In 2022 at the very beginning of the whole AI buzz(that started with AI image generators) when artists were thinking AI is going to take their job, I worked on an interesting project for an AI art competition concept where participants compete to recreate a target image using only AI prompts. The idea was simple:
If you think it's easy, buy a ticket and join the competition.
The goal was to show artists it's not that easy to recreate what's in your mind only using your words. Well NOW it's 2025 and thats not valid anymore, but in my defense, back then we only had Stable Diffusion and early version of Midjourney which you could only use via Discord, and the quality wasn't that good. Here is the very first image i generated using Midjourney:

The platform had daily competitions, and it was based on Blockchain (so everything was transparent and safe) and users needed to buy a ticket, and had 1 hour and 100 prompts to recreate the target image. The winner is determined by whose generated image is most similar to the target and the prize was the 80% of the collected tickets. In this post I will share how I approached the image similarity scoring system (The blockchain part wasn't that big of a deal to explain)

The Problem:
The core challenge was simple: given one target image per competition, how do you accurately rank candidate submissions? This might sound straightforward at first, but as I dug deeper, I realized the classical approaches I had used before were fundamentally flawed for this task.
I chose the Girl with Pearl Earring as the target image, and found different meme versions of it online to use as the attempts to test the system

How I Did It initially (Classic Image Processing)
In my first attempts at image comparison, I threw everything at the problem. I combined dozens of hand-crafted metrics from different libraries and image processing techniques. The idea was to calculate all these metrics between the target and candidate images, normalize them somehow, and combine them with some weights to produce a final similarity score. I will try to briefly explain the methods I have tried and show the results for these two images:

Global Histogram Comparisons and Pixel Statistics
This method compares the overall color or intensity distribution of two images by analyzing their histograms and basic pixel statistics, providing a simple measure of similarity. It has two sides:
- Histogram Difference: Compares color or intensity histograms
- Flattened Correlation: Correlation of flattened grayscale pixel arrays.
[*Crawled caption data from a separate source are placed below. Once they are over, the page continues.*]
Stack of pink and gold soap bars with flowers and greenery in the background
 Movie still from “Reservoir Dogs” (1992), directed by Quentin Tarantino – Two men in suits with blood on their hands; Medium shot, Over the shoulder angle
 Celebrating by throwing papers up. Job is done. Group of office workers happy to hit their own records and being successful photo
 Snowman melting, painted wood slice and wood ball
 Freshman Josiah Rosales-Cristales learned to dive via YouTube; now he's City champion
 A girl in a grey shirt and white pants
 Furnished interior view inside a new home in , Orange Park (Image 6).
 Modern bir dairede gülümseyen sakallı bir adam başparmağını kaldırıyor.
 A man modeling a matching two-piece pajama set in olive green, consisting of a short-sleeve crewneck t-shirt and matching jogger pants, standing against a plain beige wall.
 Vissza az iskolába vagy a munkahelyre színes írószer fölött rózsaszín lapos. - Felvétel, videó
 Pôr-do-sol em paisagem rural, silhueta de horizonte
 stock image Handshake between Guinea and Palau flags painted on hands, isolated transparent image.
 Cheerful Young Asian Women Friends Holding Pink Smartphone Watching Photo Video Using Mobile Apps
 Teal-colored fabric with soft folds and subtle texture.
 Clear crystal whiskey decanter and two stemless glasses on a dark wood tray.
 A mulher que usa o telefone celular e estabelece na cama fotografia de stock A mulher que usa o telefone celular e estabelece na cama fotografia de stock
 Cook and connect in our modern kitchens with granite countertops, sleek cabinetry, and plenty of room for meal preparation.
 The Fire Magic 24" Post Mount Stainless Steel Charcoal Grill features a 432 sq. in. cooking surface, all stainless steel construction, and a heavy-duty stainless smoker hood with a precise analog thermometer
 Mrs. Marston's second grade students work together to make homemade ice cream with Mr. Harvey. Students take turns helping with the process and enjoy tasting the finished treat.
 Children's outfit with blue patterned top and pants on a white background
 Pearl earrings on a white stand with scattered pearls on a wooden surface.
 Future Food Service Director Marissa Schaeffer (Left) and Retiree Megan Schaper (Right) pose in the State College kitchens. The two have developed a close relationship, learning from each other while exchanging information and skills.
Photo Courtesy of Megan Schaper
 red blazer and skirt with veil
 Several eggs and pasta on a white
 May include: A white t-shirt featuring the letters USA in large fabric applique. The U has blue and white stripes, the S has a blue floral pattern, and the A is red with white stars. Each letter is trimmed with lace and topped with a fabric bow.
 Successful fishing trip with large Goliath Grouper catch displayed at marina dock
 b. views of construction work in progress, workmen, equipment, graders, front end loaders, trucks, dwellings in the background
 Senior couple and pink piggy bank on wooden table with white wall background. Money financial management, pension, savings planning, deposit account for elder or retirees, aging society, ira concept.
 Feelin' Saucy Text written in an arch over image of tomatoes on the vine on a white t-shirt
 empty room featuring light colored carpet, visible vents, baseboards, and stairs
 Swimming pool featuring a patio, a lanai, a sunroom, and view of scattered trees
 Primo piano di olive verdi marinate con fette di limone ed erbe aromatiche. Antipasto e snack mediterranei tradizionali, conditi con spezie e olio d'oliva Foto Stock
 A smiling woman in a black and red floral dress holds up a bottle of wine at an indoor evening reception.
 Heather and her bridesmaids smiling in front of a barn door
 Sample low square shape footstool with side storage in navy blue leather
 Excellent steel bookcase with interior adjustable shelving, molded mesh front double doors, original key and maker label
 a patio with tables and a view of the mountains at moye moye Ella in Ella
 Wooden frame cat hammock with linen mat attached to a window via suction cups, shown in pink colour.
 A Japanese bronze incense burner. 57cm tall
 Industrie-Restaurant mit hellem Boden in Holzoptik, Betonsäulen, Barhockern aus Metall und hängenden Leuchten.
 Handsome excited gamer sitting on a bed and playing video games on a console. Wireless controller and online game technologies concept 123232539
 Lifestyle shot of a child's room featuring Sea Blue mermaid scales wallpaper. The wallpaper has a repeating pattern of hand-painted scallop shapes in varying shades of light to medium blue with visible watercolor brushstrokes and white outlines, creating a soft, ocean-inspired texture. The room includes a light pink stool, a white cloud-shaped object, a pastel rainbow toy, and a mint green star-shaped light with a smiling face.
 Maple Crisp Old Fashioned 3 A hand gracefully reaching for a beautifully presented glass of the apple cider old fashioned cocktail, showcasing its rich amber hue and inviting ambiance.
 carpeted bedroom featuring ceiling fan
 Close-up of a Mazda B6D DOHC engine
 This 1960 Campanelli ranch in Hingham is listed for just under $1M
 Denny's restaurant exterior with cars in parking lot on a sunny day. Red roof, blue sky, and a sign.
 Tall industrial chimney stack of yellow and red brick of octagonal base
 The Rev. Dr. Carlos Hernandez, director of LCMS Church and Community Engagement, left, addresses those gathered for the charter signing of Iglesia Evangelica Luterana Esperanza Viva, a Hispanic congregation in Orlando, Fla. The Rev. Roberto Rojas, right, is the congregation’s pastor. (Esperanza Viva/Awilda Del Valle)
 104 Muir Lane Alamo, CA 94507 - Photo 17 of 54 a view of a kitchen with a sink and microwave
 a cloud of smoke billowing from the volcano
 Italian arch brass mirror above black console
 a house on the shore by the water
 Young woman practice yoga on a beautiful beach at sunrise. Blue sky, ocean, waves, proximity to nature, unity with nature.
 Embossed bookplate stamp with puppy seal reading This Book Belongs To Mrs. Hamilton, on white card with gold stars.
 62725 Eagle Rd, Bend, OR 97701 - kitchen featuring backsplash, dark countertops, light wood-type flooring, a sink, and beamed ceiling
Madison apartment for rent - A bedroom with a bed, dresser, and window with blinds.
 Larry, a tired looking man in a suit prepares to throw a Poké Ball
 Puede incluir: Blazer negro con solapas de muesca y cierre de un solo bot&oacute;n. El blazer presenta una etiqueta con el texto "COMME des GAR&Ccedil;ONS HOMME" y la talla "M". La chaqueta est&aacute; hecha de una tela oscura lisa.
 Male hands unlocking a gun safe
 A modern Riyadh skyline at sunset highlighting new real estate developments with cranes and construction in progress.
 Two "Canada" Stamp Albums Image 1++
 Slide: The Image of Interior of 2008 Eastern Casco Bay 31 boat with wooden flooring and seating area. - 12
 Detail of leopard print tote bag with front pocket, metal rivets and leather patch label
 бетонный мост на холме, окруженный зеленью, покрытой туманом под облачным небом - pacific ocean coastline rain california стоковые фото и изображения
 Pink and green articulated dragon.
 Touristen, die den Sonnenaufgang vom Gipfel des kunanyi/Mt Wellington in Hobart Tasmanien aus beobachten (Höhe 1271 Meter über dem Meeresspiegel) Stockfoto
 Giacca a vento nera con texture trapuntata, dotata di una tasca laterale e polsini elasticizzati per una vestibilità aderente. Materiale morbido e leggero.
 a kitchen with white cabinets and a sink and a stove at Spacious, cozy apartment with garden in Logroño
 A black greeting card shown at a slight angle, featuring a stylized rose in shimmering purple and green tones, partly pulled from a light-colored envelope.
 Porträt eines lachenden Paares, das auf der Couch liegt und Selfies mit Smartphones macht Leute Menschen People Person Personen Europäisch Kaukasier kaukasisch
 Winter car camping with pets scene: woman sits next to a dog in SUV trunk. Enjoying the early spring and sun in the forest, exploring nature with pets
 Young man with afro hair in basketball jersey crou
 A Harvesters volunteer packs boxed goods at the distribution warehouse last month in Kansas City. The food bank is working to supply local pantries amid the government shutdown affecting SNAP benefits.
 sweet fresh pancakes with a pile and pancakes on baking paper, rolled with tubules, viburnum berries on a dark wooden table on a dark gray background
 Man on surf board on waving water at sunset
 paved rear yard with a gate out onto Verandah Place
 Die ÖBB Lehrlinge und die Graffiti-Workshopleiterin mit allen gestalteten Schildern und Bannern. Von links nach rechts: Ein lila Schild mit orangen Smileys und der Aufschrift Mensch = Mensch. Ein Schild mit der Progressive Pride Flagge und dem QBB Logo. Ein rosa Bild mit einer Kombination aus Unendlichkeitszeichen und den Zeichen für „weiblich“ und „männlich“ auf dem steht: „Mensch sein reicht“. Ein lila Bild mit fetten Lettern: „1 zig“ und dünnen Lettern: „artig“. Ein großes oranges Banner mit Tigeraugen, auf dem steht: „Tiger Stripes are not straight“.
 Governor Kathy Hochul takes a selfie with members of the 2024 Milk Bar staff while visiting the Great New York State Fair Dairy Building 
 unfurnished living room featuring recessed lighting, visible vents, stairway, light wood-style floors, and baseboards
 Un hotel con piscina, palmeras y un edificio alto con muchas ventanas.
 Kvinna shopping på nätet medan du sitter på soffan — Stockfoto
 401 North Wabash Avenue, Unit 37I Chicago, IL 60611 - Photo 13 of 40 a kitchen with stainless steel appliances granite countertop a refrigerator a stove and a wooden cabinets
Histogram difference is global and ignores pixel order and correlation checks linear relationship between pixel values. To find the image similarity using histogram difference, we have to compare the frequency distributions of pixel intensities or colors between two images, typically by computing the sum of absolute differences across histogram bins. Lower histogram difference values indicate greater similarity in overall color or intensity distribution. Then we convert both images to grayscale, flattening them into one-dimensional arrays, and calculating the Pearson correlation coefficient between these arrays. A correlation value closer to 1 signifies high similarity in pixel intensity patterns, even if spatial positions differ.
That's why it wasn't enough, it just tells you if you have used same colors with the same brightness and contrast or not. I needed a method that considers the structure and the "Actual" similarity...
Structural and Perceptual Metrics
These metrics refer to a family of image similarity measures that go beyond simple pixel-wise comparisons by modeling how humans perceive visual quality and fidelity. They evaluate aspects like luminance (brightness), contrast, structure (spatial relationships), and information preservation, aiming to align with human visual perception instead of just mathematical differences. For these metric i used SEWAR library, which offers the following metrics:
- SSIM (Structural Similarity Index): Measures luminance, contrast, and structure similarity (closer to human perception)
- VIFP (Visual Information Fidelity): Measures information preserved in the image.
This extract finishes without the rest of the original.